◆ INPUT:
━━━
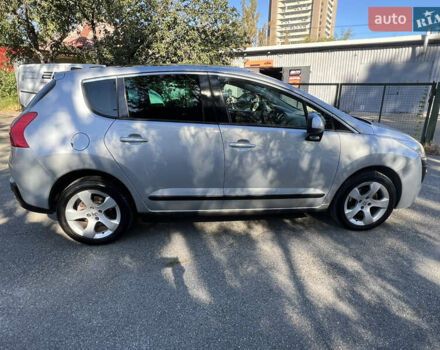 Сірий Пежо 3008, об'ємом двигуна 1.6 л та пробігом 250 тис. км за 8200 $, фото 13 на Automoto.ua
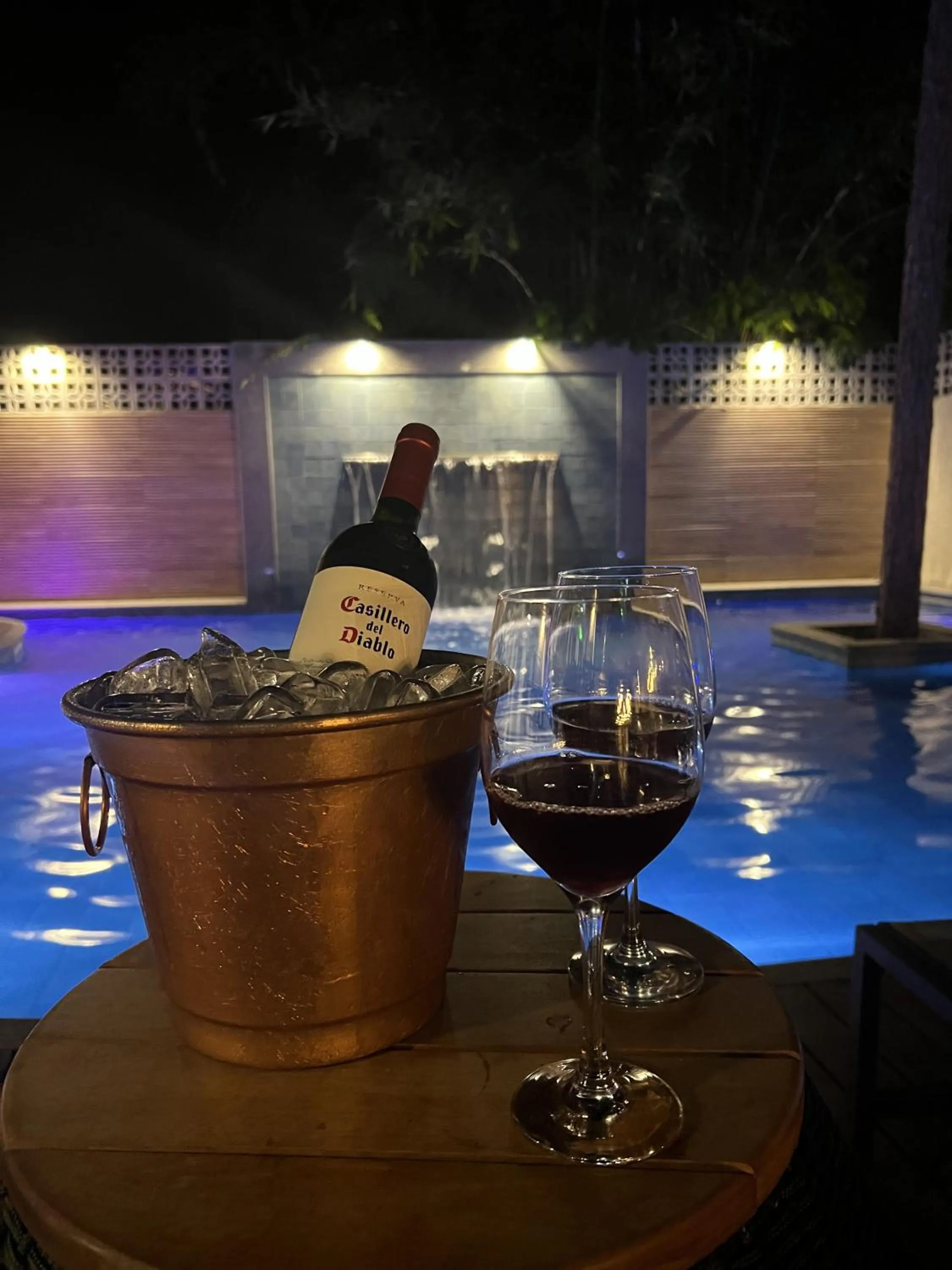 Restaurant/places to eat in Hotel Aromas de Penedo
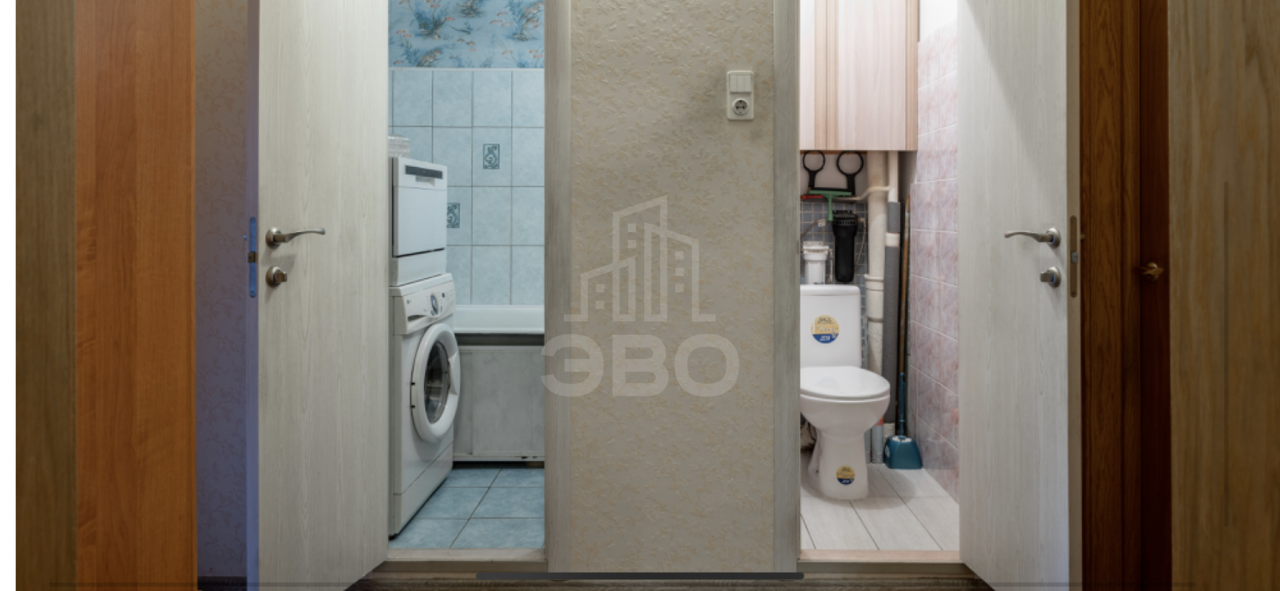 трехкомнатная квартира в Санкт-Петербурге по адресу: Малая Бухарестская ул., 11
━━━
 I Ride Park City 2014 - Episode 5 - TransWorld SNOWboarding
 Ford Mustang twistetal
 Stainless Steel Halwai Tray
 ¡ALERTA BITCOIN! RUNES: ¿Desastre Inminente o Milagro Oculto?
━━━
◆ WHAT TO DO: Taking the material above, give again exactly the lines from the one holding "Сірий Пежо 3008, об'ємом" through the one holding "трехкомнатная квартира в", with both ends and without pictures.

◆ SOLUTION FOR THIS EXERCISE:
 Сірий Пежо 3008, об'ємом двигуна 1.6 л та пробігом 250 тис. км за 8200 $, фото 13 на Automoto.ua
 Restaurant/places to eat in Hotel Aromas de Penedo
 трехкомнатная квартира в Санкт-Петербурге по адресу: Малая Бухарестская ул., 11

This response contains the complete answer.